Je suis infidèle

Nenon, je ne couche pas à gauche et à droite. Nenon, je n’ai pas un nouvel homme dans mon lit chaque soir que la lune apporte. Mais avec le temps, je suis devenue infidèle… en amitié ! Tout en étant une amie très fidèle…

Depuis l’enfance, j’ai la réputation d’être une amie très têtue. Du genre qui rappelle chaque année pour prendre des nouvelles même quand les nouvelles ne viennent pas d’elles-mêmes. Du genre qui s’organise pour te voir même si tout semble si désorganisé, dans ta vie comme dans la mienne. Du genre qui est là pour toi, peu importe la distance géographique et temporelle qui nous sépare. Tant que tu ne me dis pas de quitter ta vie, j’y garde un pied à terre. Et même si tu me dis de quitter ta vie, tu gardes un petit coin douillet dans la mienne. Au cas où tu aurais le goût d’y revenir, le temps d’un souper ou d’un pardon.

Je te le dis : fidèle comme dans « chien fidèle ». Lassi, c’est mon deuxième prénom.
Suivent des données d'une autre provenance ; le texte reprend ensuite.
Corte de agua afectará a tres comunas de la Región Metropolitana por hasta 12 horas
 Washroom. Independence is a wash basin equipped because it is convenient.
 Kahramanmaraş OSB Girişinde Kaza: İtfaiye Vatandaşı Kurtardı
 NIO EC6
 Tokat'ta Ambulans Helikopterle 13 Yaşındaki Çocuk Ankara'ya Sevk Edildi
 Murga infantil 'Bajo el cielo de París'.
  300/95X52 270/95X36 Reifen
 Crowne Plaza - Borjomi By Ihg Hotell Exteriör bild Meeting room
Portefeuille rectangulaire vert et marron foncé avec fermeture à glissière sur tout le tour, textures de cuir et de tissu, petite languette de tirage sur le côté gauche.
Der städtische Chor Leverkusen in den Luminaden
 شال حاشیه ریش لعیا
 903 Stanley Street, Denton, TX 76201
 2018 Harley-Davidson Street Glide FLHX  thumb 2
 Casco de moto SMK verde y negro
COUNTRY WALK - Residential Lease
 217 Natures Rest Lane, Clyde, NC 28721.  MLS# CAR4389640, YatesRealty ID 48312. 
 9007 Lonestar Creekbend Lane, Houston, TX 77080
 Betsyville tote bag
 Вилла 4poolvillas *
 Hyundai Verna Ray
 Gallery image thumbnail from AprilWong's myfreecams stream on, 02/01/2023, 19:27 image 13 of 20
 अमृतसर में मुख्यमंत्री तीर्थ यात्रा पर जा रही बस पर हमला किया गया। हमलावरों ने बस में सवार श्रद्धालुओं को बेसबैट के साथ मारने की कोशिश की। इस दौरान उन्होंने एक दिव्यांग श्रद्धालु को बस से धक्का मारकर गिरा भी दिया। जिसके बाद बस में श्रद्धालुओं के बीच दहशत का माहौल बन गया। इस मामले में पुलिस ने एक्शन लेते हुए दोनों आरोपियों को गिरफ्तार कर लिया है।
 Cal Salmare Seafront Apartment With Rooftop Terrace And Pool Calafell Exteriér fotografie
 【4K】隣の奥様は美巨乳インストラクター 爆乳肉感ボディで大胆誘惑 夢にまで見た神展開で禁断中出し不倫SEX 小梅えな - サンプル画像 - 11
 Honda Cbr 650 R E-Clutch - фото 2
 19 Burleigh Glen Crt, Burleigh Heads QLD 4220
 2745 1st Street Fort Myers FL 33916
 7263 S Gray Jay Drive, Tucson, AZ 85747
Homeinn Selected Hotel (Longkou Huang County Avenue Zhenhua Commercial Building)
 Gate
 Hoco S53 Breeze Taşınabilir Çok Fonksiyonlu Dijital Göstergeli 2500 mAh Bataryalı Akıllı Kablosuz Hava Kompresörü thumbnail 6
Puis, en observant mes garçons au parc, je me suis dit qu’il était temps de modifier mon schéma relationnel. Pas de tout balayer, mais d’enrichir l’expérience.

Eux, ils se pointent au bas d’une glissade et hop : « C’est quoi ton nom ? Tu vas à quelle école ? Tu as quel âge ? On joue ensemble ? » That’s it. Un speed dating dans un carré de sable. Et quand maman dit qu’on retourne à la maison, c’est fini, merci, au revoir ! Il y a même souvent un câlin échangé. Pas de cœur arraché, pas de promesses risquées : ils ont profité de la vie pendant le temps que la vie leur donnait. Ils se reverront peut-être, ou pas. Là n’est pas la question. Tout est dans le présent. Le cadeau de l’amitié.

J’ai donc choisi de me laisser inspirer par mes cocos. J’ai appris à être infidèle en amitié, mais sans délaisser mes amis de longue date, mes coups de cœur humains, ceux qui me tiennent la main depuis belle lurette et même avant. J’ai appris à butiner sans culpabilité.

« Ça te tente de venir souper ? En toute simplicité… »

Pas besoin de longues présentations : les réseaux sociaux ou les amis communs s’occupent des préliminaires.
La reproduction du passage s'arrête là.